Given records section start

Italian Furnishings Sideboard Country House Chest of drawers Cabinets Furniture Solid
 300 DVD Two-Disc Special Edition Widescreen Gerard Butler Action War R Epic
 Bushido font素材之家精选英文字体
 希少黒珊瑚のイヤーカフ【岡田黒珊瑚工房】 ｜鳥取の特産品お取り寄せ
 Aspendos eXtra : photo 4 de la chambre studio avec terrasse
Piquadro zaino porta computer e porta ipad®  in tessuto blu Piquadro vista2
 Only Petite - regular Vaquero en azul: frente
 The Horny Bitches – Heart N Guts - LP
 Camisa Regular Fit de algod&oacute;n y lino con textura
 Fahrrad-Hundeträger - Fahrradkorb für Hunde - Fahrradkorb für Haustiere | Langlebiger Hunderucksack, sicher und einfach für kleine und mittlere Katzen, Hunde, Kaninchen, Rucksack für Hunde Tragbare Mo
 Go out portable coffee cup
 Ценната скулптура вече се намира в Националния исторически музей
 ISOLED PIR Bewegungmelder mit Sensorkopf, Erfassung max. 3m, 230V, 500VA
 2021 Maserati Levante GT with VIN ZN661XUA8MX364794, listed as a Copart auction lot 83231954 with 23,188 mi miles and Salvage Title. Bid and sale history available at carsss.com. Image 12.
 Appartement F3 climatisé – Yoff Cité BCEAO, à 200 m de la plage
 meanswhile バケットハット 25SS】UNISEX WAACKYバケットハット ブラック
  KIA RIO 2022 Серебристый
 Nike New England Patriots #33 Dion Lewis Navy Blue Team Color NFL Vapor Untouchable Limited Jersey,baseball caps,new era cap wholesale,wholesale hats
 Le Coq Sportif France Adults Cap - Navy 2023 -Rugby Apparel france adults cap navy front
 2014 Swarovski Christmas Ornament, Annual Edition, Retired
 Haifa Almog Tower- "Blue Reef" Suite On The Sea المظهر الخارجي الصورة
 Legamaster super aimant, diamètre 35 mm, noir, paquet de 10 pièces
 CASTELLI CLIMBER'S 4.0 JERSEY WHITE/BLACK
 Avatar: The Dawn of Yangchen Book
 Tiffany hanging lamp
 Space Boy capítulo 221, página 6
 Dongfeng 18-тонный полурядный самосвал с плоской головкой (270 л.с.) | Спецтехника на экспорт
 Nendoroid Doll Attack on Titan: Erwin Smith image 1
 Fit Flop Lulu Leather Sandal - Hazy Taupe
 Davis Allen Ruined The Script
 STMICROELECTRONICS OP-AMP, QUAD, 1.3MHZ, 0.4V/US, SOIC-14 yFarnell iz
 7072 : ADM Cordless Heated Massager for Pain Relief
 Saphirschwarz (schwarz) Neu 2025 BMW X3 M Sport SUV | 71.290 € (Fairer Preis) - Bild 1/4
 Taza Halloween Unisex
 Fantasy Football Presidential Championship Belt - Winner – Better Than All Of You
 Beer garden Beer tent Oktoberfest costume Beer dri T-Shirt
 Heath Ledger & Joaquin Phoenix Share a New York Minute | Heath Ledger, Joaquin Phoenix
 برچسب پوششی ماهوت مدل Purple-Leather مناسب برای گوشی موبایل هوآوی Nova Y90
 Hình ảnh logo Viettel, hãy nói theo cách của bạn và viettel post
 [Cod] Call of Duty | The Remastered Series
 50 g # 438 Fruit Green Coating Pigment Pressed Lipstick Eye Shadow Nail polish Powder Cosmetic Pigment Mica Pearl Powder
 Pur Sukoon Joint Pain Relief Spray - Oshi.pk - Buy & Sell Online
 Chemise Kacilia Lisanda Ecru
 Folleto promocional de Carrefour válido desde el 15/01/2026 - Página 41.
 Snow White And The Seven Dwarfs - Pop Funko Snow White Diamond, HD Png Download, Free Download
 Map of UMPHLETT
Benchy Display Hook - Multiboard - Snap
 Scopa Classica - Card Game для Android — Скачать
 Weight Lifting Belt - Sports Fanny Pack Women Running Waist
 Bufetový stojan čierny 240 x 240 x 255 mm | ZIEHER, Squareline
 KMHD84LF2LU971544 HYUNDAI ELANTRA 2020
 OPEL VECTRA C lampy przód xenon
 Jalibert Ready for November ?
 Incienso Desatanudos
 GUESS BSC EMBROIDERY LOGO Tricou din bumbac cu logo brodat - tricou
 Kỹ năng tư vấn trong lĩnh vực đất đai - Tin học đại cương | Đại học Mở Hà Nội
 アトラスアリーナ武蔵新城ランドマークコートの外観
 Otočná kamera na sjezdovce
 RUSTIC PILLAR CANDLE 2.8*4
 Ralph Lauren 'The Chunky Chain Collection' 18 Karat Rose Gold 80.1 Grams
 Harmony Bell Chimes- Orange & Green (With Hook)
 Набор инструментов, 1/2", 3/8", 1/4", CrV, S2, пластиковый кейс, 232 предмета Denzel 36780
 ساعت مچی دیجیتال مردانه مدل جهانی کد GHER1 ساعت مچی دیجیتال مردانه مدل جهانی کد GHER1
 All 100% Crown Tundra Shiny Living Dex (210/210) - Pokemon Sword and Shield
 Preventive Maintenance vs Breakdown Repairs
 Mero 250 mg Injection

Given records section end

Could you output, exactly and with nothing else, the lines from the start of the records through the line containing "Camisa Regular Fit"?

Italian Furnishings Sideboard Country House Chest of drawers Cabinets Furniture Solid
 300 DVD Two-Disc Special Edition Widescreen Gerard Butler Action War R Epic
 Bushido font素材之家精选英文字体
 希少黒珊瑚のイヤーカフ【岡田黒珊瑚工房】 ｜鳥取の特産品お取り寄せ
 Aspendos eXtra : photo 4 de la chambre studio avec terrasse
Piquadro zaino porta computer e porta ipad®  in tessuto blu Piquadro vista2
 Only Petite - regular Vaquero en azul: frente
 The Horny Bitches – Heart N Guts - LP
 Camisa Regular Fit de algod&oacute;n y lino con textura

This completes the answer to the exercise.